Кей наплевать, что подумают федералы, и она смотрит в окно на свое бывшее здание, Биотек-2, его серые, отделанные по краям темно-красным кирпичом стены и морг, напоминающий прилепившееся сбоку белое иглу. Она вернулась, и кажется уже, что никуда и не уезжала. И нет ничего странного в том, что Кей едет в дом, где случилась смерть, а скорее всего произошло убийство, и ей нет дела до того, как отнесутся к этому визиту ФБР, доктор Маркус или кто-то еще.

– У меня такое чувство, что твой приятель, доктор Маркус, тоже сильно обрадуется, – добавляет саркастически Марино, вторя ее мыслям. – Ты уже сообщила ему, что Джилли убили?

– Нет.

Закончив с Джилли Полссон, Кей переоделась, просмотрела несколько слайдов и не стала ни разыскивать доктора Маркуса, ни звонить ему. О результатах доложит Филдинг, он же передаст, что она готова обсудить детали вскрытия позже и что связаться с ней при необходимости можно по сотовому. Доктор Маркус, конечно, не позвонит. Судя по всему, он хочет, насколько это возможно, отстраниться от дела Джилли Полссон и, похоже, уже давно, еще до звонка ей во Флориду, решил, что ничего, кроме неприятностей, смерть четырнадцатилетней девочки ему не сулит, а раз так, то нужно как-то отвести удар, и лучшего громоотвода, чем предшественница, ему не найти. Наверное, Маркус и раньше подозревал, что Джилли убили, но по каким-то причинам не пожелал пачкать руки.

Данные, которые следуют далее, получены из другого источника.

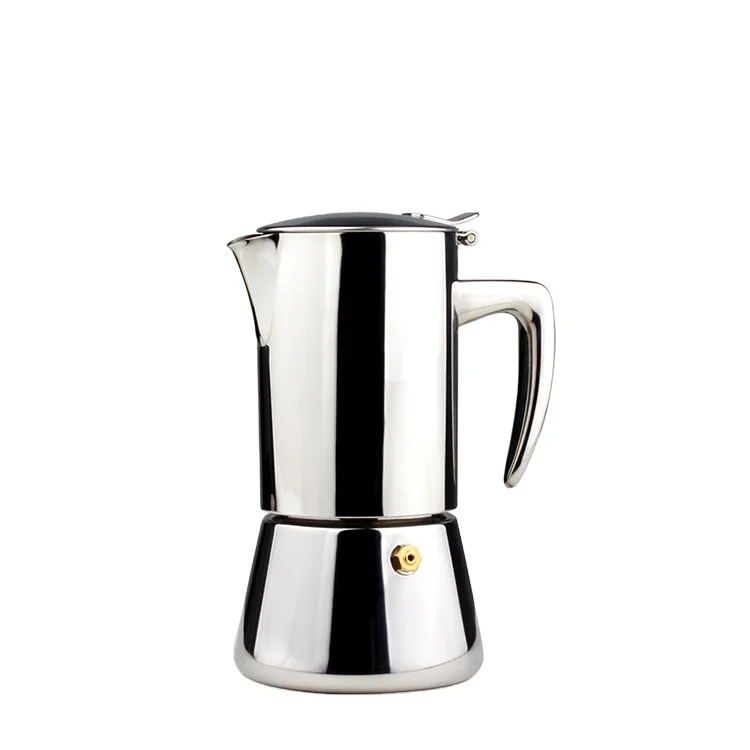

Portable concentrated filter coffee machine leak-proof spout double-layer thickened 304 stainless steel mocha pot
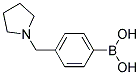 4-(1-PYRROLIDINYLMETHYL)PHENYLBORONIC ACID Struktur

– Кто занимается расследованием? – спрашивает Скарпетта, когда они останавливаются, пережидая поток машин, поворачивающих с 1–95 на Четвертую улицу. – Кто-то из знакомых?

– Нет. В наше время его здесь не было. – Марино видит просвет и бросает внедорожник вперед, проскакивая на правую полосу. Вернувшись в Ричмонд, он ездит так, как и привык ездить в Ричмонде, то есть так, как ездил в Нью-Йорке в начале своей полицейской карьеры.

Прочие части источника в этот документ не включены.